Wound care healing and compounding are a perfect match for each other. So when do you call in a compounder to help with your wound healing progress?
Pavilion Compounding Pharmacists are there to help when conventional therapy fails or when an innovative, unique approach is needed.
In a normal wound, healing shows a reduction of 10 to 15 percent per week and indicates no change in therapy. However, if this reduction is not met, then alternative healing option interventions can be discussed with your provider.
Wound healing involves several biological processes allowing the body to respond to trauma. As an experienced compounding Pharmacist, we have the knowledge and tools to assist in your wound care.
The healing process is divided into 3 unique phases:
1) Inflammation happens immediately after the trauma
3) Remodeling or maturation
As a compounding pharmacy, with access to 1000’s of active pharmaceutical ingredients (API’s) we can customize a formulation based on many therapeutic factors. In addition to the acitive drugs, we can specially formulate a compound with many different types of bases including: creams, ointments, thermo-reversible agents, powders, gels, and foams to maximize the therapeutic outcomes.
Our selection of bases are dependent on several factors, depending on the type of wound, i.e. wet and oozing, or dry and scaly, area of application, ease of use, debridement treatment, drugs being used, and of course economics. Many decisions are made, in collaboration with your provider, to obtain the best possible outcome for the wound or scar.
Determining the formula best for your wound/scar care are outlined below:
First, is there an infection we need to treat? Several antibiotics and antifungals are available to treat the wound. Some of these are ciprofloxacin, gentamicin, metronidazole, tobramycin, vancomycin, levofloxacin, mupirocin,colistimethate, clindamycin, bacitracin, neomycin, clotrimazole, miconazole, voriconazole, nystatin, amphotericin B, itraconazole, ketoconazole, ceftriaxone,sulfamethoxazole, and many others depending on the culture sensitivity.

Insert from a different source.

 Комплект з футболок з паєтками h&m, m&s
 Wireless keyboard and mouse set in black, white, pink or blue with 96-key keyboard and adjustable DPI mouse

Second, can we increase the growth of tissue by using our compounding “magic?” It turns out we can provide this by introducing phenytoin, normally used for epilepsy, but in this case, phenytoin stimulates fibroblast proliferation and collagen disposition, antagonizes glucocorticoid production and supplies antibacterial activity. Another option is to include misoprostol, a synthetic prostaglandin E1 drug, used initially to heal internal ulcers, but in this case we are taking advantage of the drugs inhibition of of IL-1 & TNF, both are cytokines involved in the inflammatory process. Misoprostol helps to reduce the inflammatory process and to promote collagen formation. The picture below is not a pretty sight, but is a good representation of how a compounded formula can help wound therapy.
Let's look at increasing blood flow to the wound area. Several options are available for this and our suggestion is to use this around the actual wound to increase the circulation to the affected area. So what drugs can be used? Nifedipine, a calcium channel blocker, will improve blood flow to the wound. Another choice is diltiazem, used in a 2% concentration. Another favorite is sildenafil, which will increase nitric oxide and thus increase circulation to the wound. I have seen this formula used with great success and is my first choice for circulation enhancement.
Ok, let's address the issue of pain, which in many cases is part of the cascade of events a patient would be dealing with: Vast choices here including lidocaine, prilocaine, bupivacaine, and tetracaine. The choice of these would depend on area involved, existing conditions, such as heart disease, length of action, with bupivacaine addressing the longest duration of action, from 3 to 9 hours.